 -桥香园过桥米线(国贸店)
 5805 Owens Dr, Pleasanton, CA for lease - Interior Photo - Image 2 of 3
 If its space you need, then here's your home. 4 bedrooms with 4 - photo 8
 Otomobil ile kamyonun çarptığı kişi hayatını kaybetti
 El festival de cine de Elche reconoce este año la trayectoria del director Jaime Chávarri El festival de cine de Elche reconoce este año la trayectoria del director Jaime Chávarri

= = = =

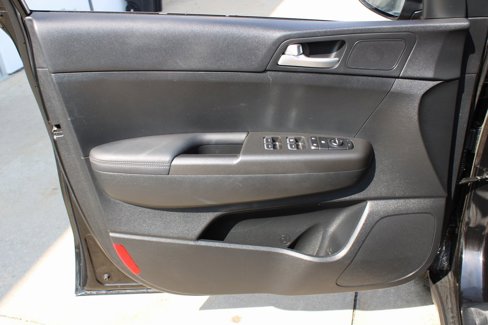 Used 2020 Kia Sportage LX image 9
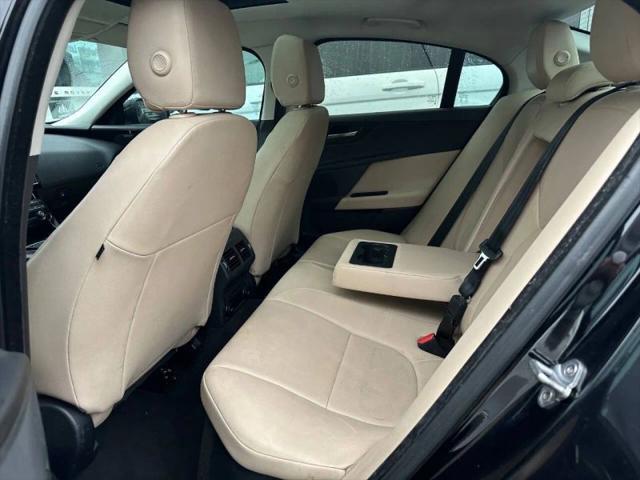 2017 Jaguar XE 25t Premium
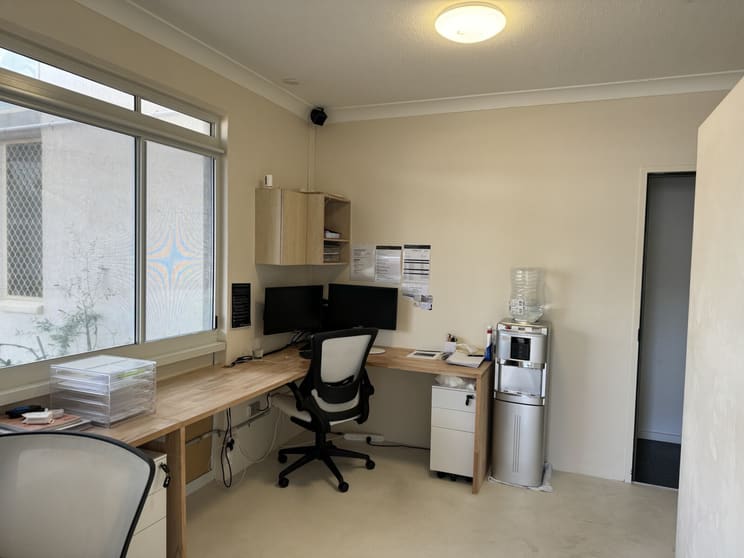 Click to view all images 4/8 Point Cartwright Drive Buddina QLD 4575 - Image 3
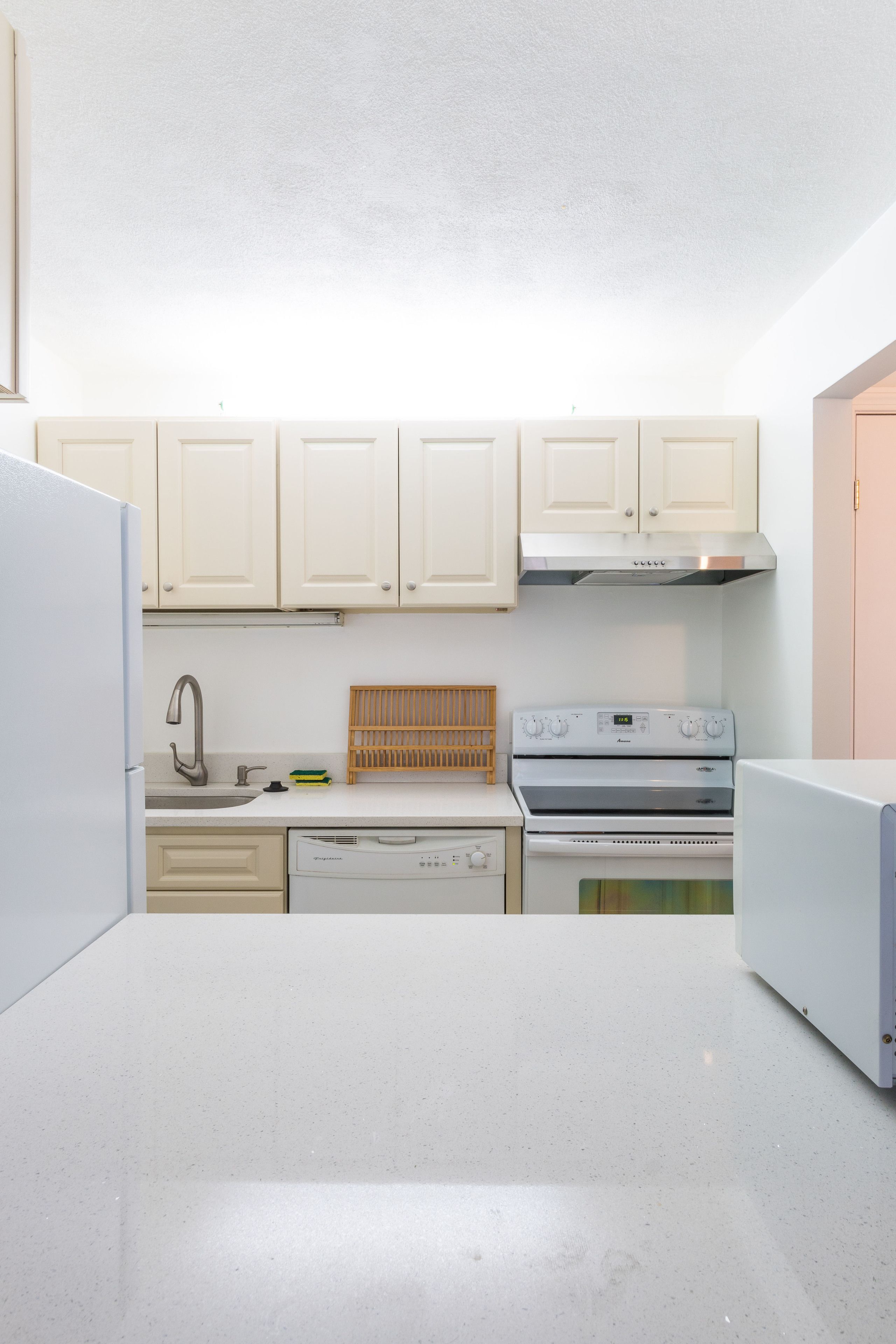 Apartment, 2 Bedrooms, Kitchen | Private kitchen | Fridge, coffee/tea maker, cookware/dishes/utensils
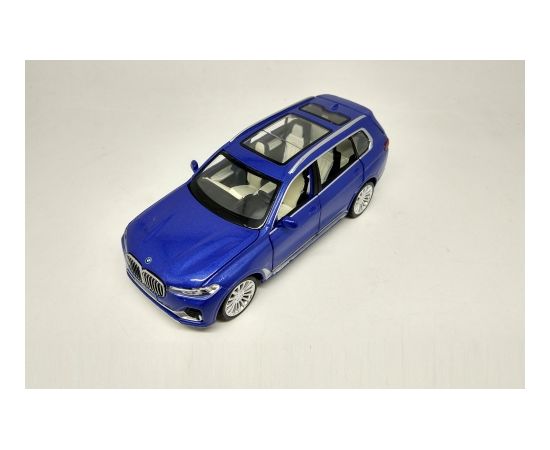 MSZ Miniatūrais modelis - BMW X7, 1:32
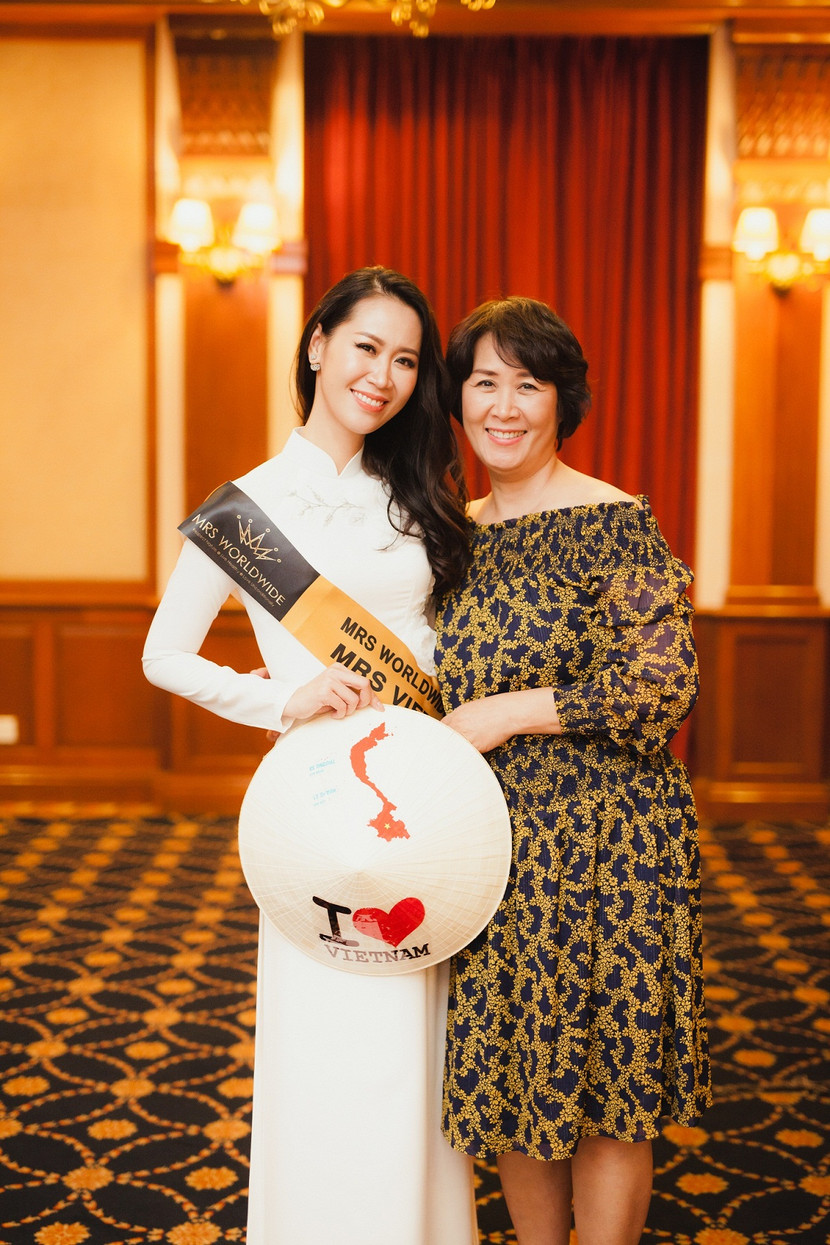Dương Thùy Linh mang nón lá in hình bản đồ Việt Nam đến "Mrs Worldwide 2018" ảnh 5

= = = =

= Task instructions =
Transcribe the records above exactly, beginning at the line that contains "-桥香园过桥米线(国贸店)" and ending with the line that contains "Jaime Chávarri El", both included, and nothing else.

= Finished exercise =
 -桥香园过桥米线(国贸店)
 5805 Owens Dr, Pleasanton, CA for lease - Interior Photo - Image 2 of 3
 If its space you need, then here's your home. 4 bedrooms with 4 - photo 8
 Otomobil ile kamyonun çarptığı kişi hayatını kaybetti
 El festival de cine de Elche reconoce este año la trayectoria del director Jaime Chávarri El festival de cine de Elche reconoce este año la trayectoria del director Jaime Chávarri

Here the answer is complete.